Deforestation has been, nevertheless, on a downward trend since 2005. The two major economic drivers of deforestation in Brazil, soybean plantation and cattle ranching are under relative control due to successful action from Greenpeace. First the NGO has targeted soybean production, and led major consumers such as MacDonald’s, and its major supplier, Cargill, to join other large companies on a soy moratorium that is now 3 years old. Earlier this year, Greenpeace targeted cattle retailers, and as a result the larger supermarket chains Wal-Mart, Pão de Açúcar and Carrefour announced a ban on beef from ranchers and slaughterhouses accused of deforestation by state prosecutors. The government became a part of these initiatives after they were already in force.

This downward trend has also resulted from policies the of the command and control introduced by former Environment Minister Marina Silva, and maintained by the present minister Carlos Minc. Minc has also increased Federal Police and Environmental Agents’ raids against cattle ranchers and illegal loggers in the Amazon that began with so-called Operation Arch of Fire created by Marina Silva.

Among the most effective actions taken by the former minister was the resolution by the Monetary Authority prohibiting financing of farms and companies found to be illegally logging.

But it is clear that deforestation will only drop on a sustained way after a whole new development policy for the region is implemented.

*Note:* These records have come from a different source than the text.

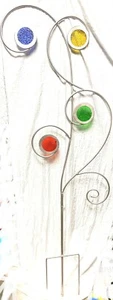 Circle Stake Multi Garden Stake Metal & Glass By Sunset Vista 48” - Picture 1 of 3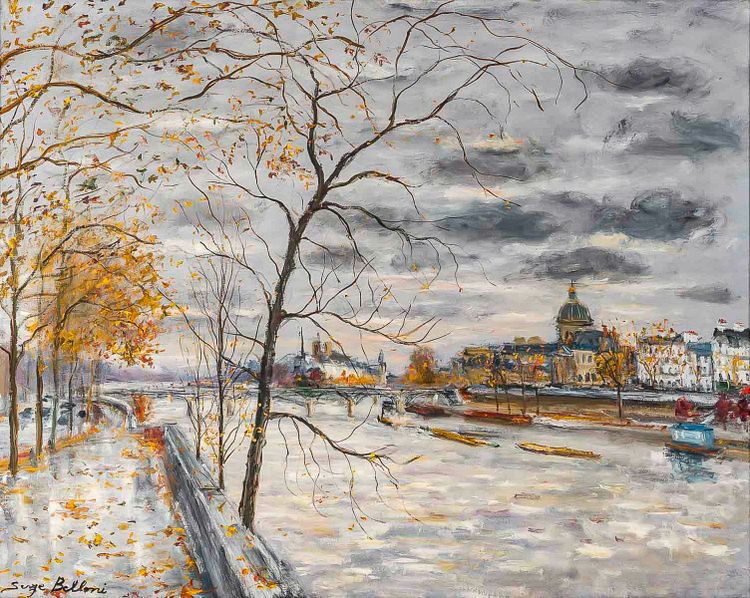 Serge Belloni (1925-2005) - Paris Its Quays and the Tree on the Seine, Oil on Canvas, circa 1980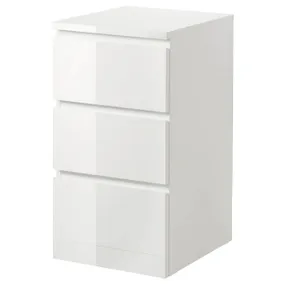 IKEA MALM МАЛЬМ, комод із 3 шухлядами, білий глянець, 40x78 см 904.240.52 фото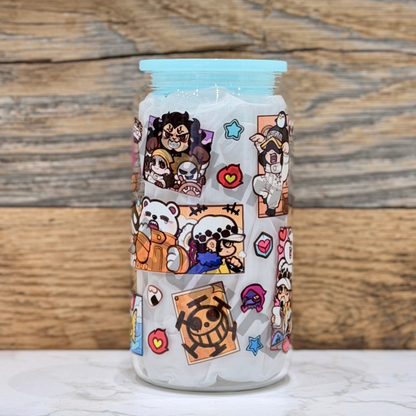 16oz Clear Glass Tumbler - Pirates Panel (Double Sided)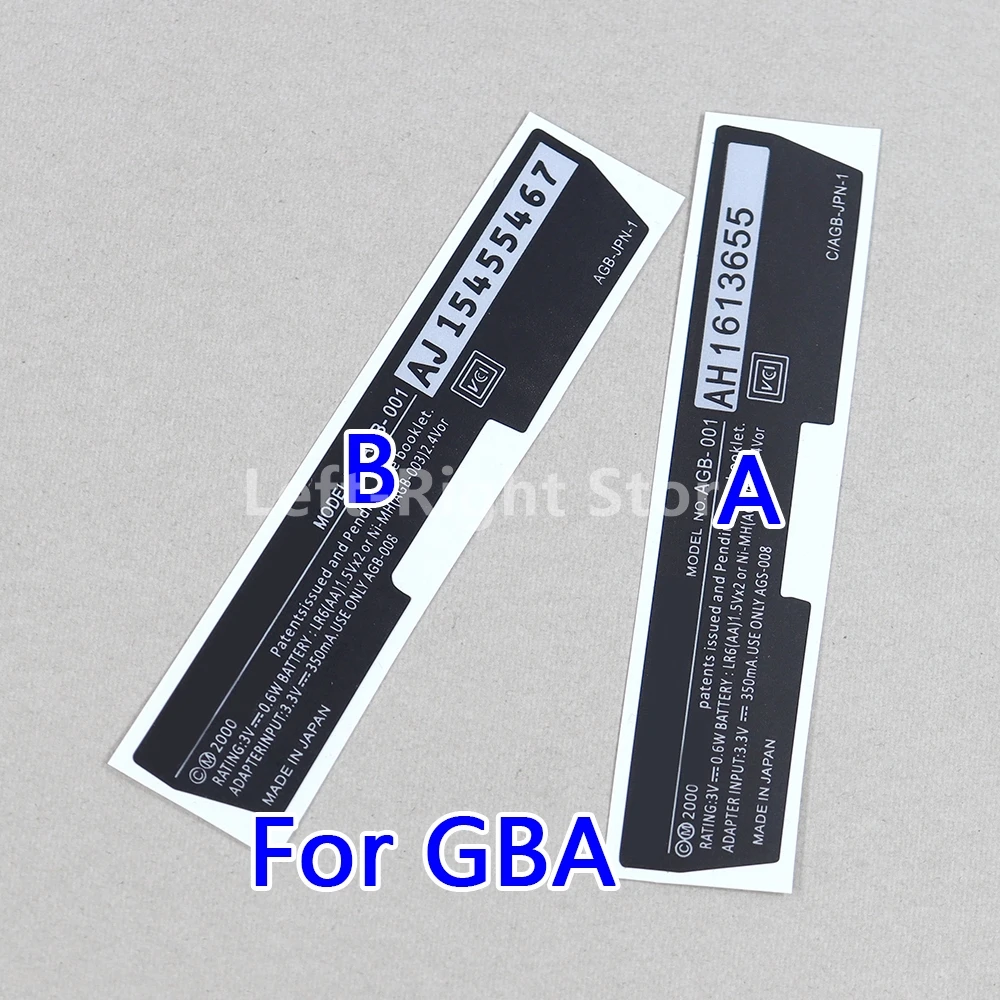 400 Uds para GBA SP GBC GBP nuevas etiquetas pegatinas traseras de repuesto para Gameboy Advance/Color/consola de juegos de bolsillo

Although this lower level of deforestation is good news, it is still too high. According to Warren Dean (With Broadax and Firebrand: The Destruction of the Brazilian Atlantic Forest) it took 150 years for the sugar cane producers to destroy 7,500 sq. km of the Atlantic Rainforest, between 1700 to 1850. In other words the government celebrates as a great achievement the fact that we are logging in one year the same amount of trees that were cut from the Atlantic Rainforest over 150 years. (Thanks to @claudioangelo for reminding us).

The government has been sounding its trumpets at every opportunity regarding the environmental agenda, since former Environment Minister, Marina Silva, quit Lula’s party, PT, to join the Green Party – PV on a bid to the Presidency in 2010. Suddenly a government that has always been aloof to environmental and climate change issues moved them to the center of its political marketing agenda.

This newly found concern for the environment will likely influence the government’s decision to commit to a quantifiable action aiming at curbing carbon emissions in Copenhagen. A good sign of this propensity for a shift on Brazil’s traditional diplomatic state of denial is that Lula has appointed his minister Dilma Roussef as head of the Brazilian delegation. Dilma Roussef, Lula’s Chief of Staff has been personally picked by the president as his party’s presidential candidate. This decision is likely to be announced later today. Tomorrow president Lula leaves for a visit to France, and minister Roussef goes from Paris to Copenhagen for preparatory talks on the way to COP15.

These are all incremental improvements that will require further work to become truly meaningful. The good news is that inertia has been broken. Underneath a heavy clutter of green washing and political marketeering there is some progress that may prove useful in the future, after politics gives room to sound policy.